Some 60 percent of all deaths caused by extreme weather events are caused by droughts, according to the United Nations. Recent drought and warm temperatures led to a spade of East Coast wildfires in December.
Using global meteorological data from between 1980 and 2018, researchers in Austria and Switzerland generated the “first” global high-res picture of megadroughts and their impact on vegetation. While they found a “worrying” increase in multi-year droughts, they said that long-term effects of the megadroughts remain largely unknown.
Various climate regions respond to drought episodes differently, with temperate grasslands the most affected in the past few decades.
The researchers noted that changes in greenness cannot be easily monitored over dense tropical forests using satellite images, leading to underestimated effects of drought there. They developed an analysis to better reveal those changes and ranked the droughts they recorded by their severity since 1980.
Megadroughts had the highest immediate impact on temperate grasslands, including in the western U.S.
Researchers also reported that while tropical forests can offset the expected effects of drought if they have enough water reserves, warming climate extends the northern boreal forest growth season because vegetation growth there is dictated by lower temperatures instead of water availability.
“But in the event of long-term extreme water shortages, trees in tropical and boreal regions can die, leading to long-lasting damage to these ecosystems. Especially, the boreal vegetation will likely take the longest to recover from such a climate disaster,” Swiss Federal Institute for Forest, Snow, and Landscape Research’s Dirk Karger, a study author, explained.
The team hopes their findings help to change global perception and preparation for droughts.

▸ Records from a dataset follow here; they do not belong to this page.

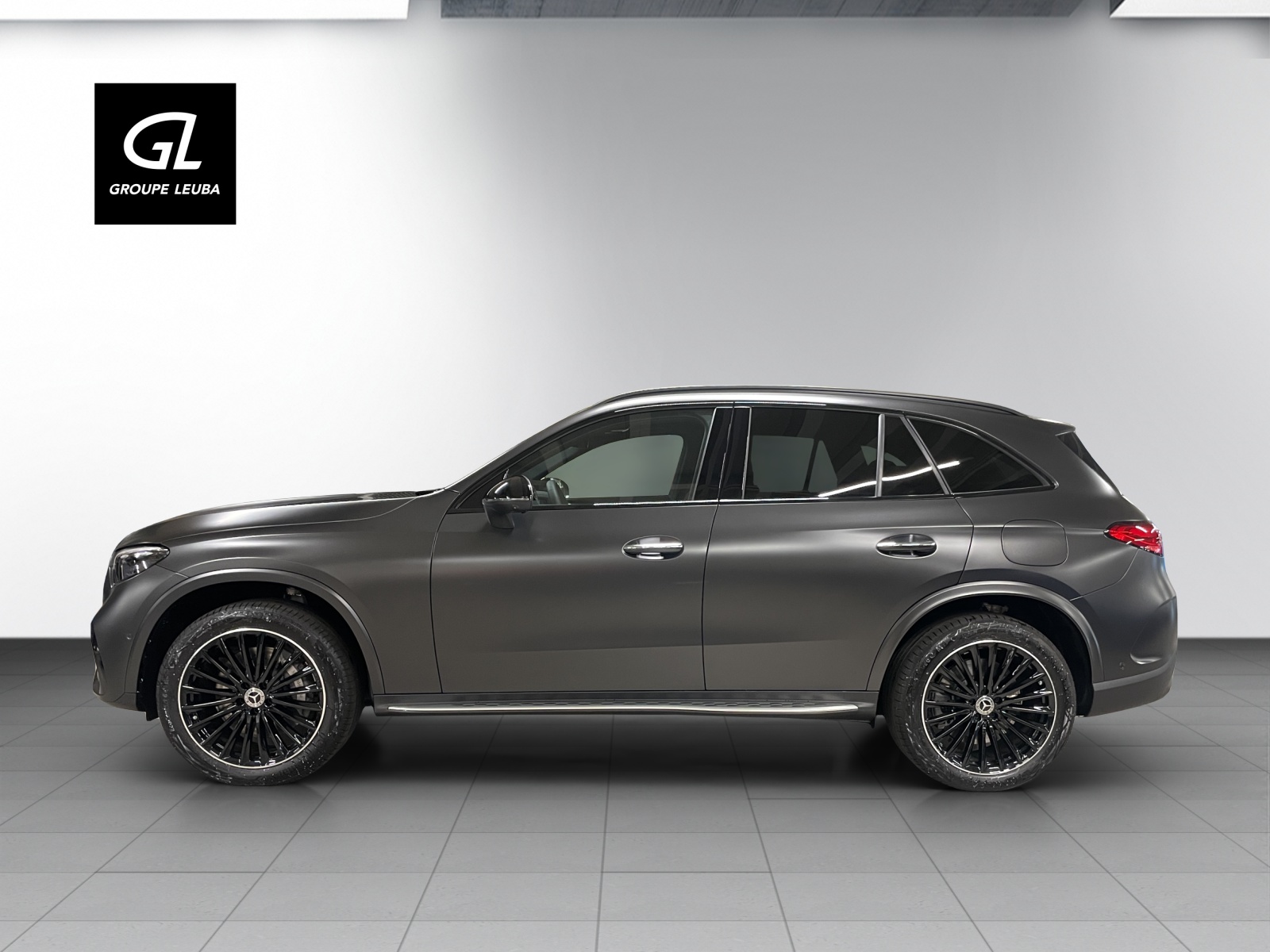 MERCEDES-BENZ GLC 400 e 4Matic EQ Star 9G-Tronic-showroom-element-2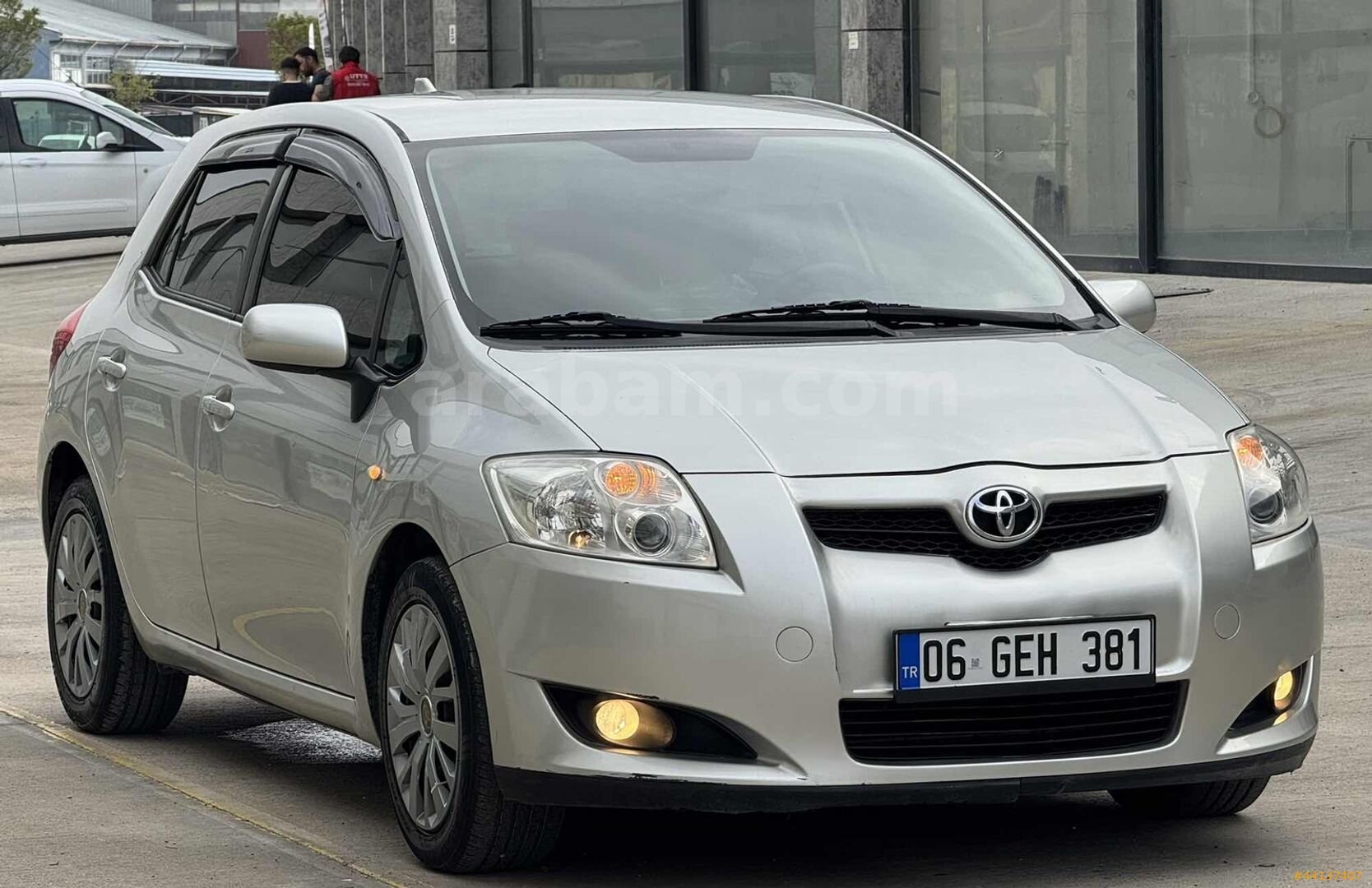 TOYOTA AURİS 196 binde DEĞİŞENSİZ CAM SERİSİ 4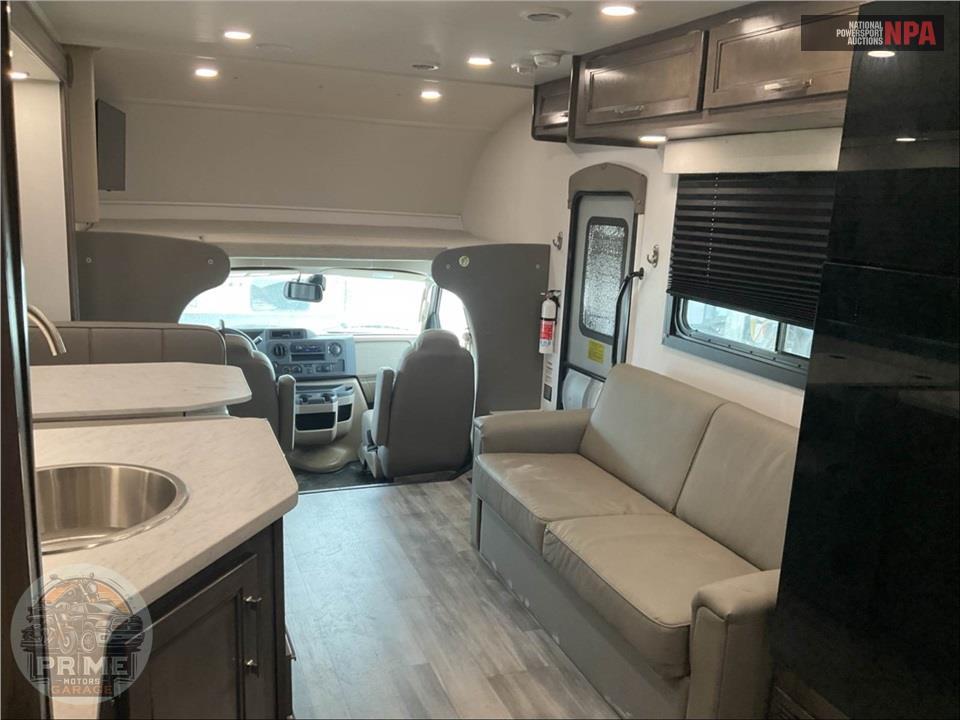 2026 Jayco M-31 FF FORD - REDHAWK SE SERIES — фото 8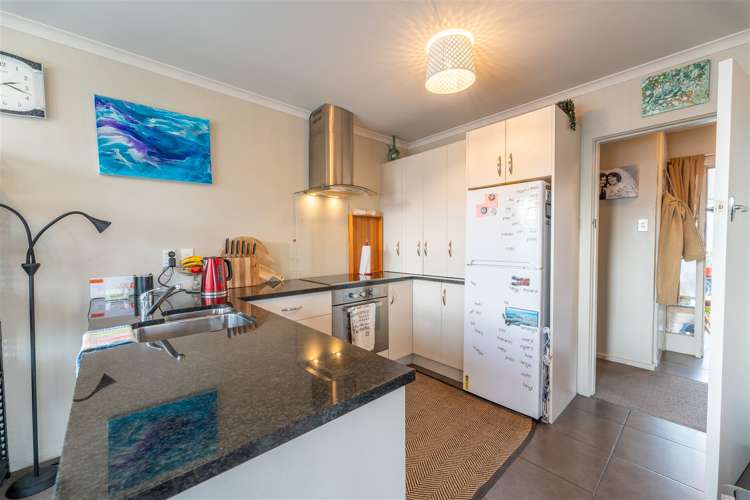 2/102a Wai-Iti Road Highfield_4
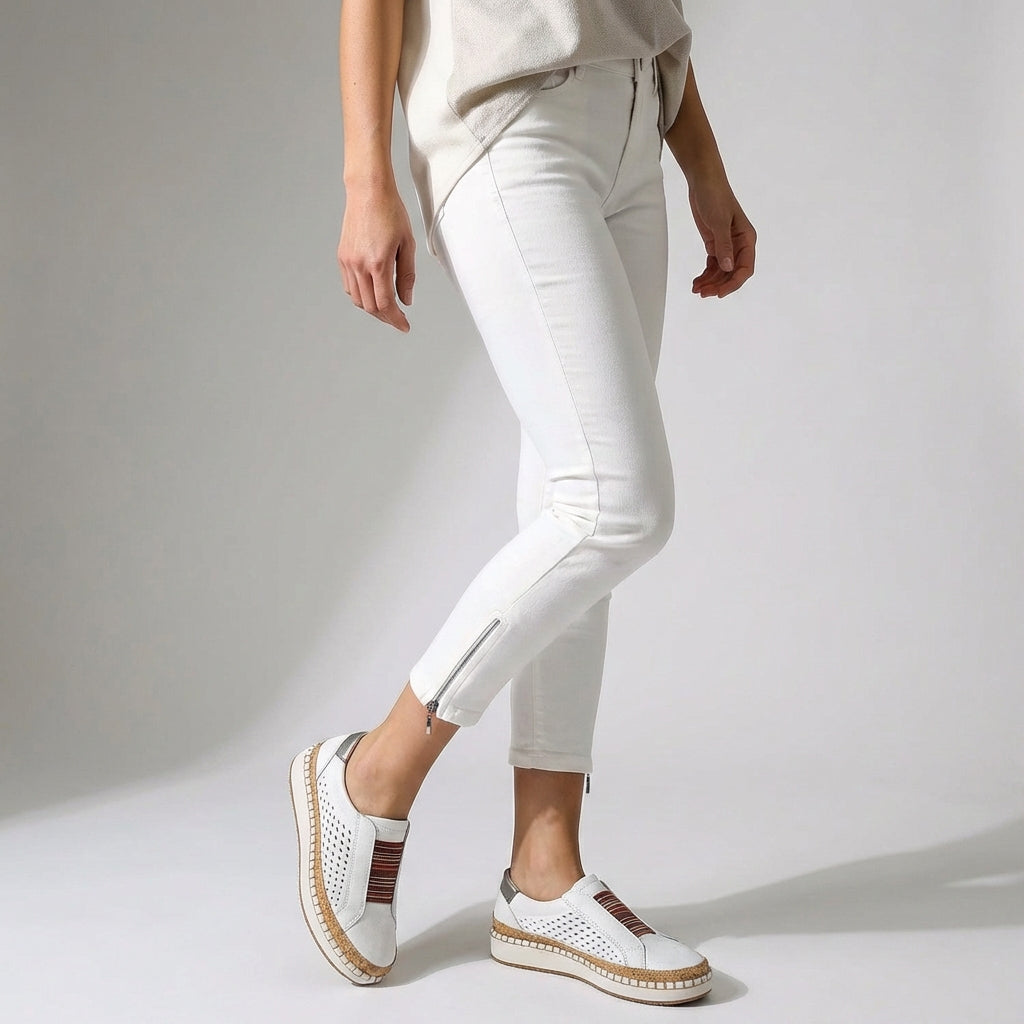 Mocassini ortopedici slip-on con plateau e tomaia in camoscio di supporto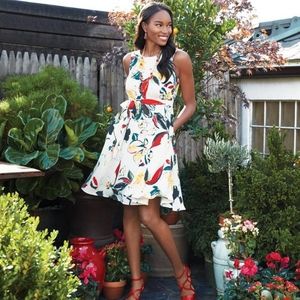 Signature Collection FloralSleeveless Dress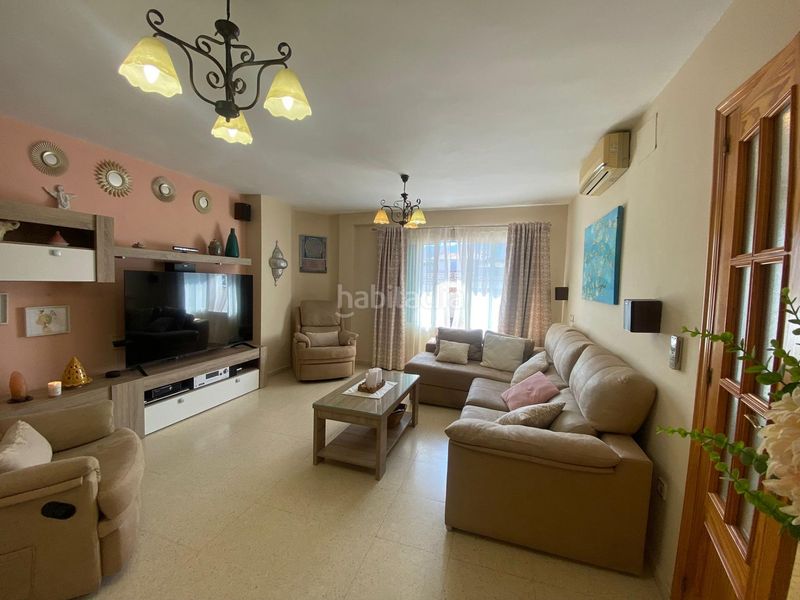 Foto eda6f572-c418-414e-b437-471bc59e0916. Casa amb aparcament a El Zabal-Santa Margarita Línea de la Concepción (La)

“Currently, mitigation strategies largely consider droughts as yearly or seasonal events, which stands in stark contrast to the longer and more severe megadroughts we will face in the future,” Pellicciotti said. “We hope that the publicly available inventory of droughts we are putting out will help orient policymakers toward more realistic preparation and prevention measures.”
Severe droughts will continue to affect the West and get worse as temperatures continue to rise, scientists say. Heat driven by climate change has made ordinary western drought into exceptional drought.
With worsening drought comes ripe, tinderbox conditions for California wildfires, including extremely dry vegetation.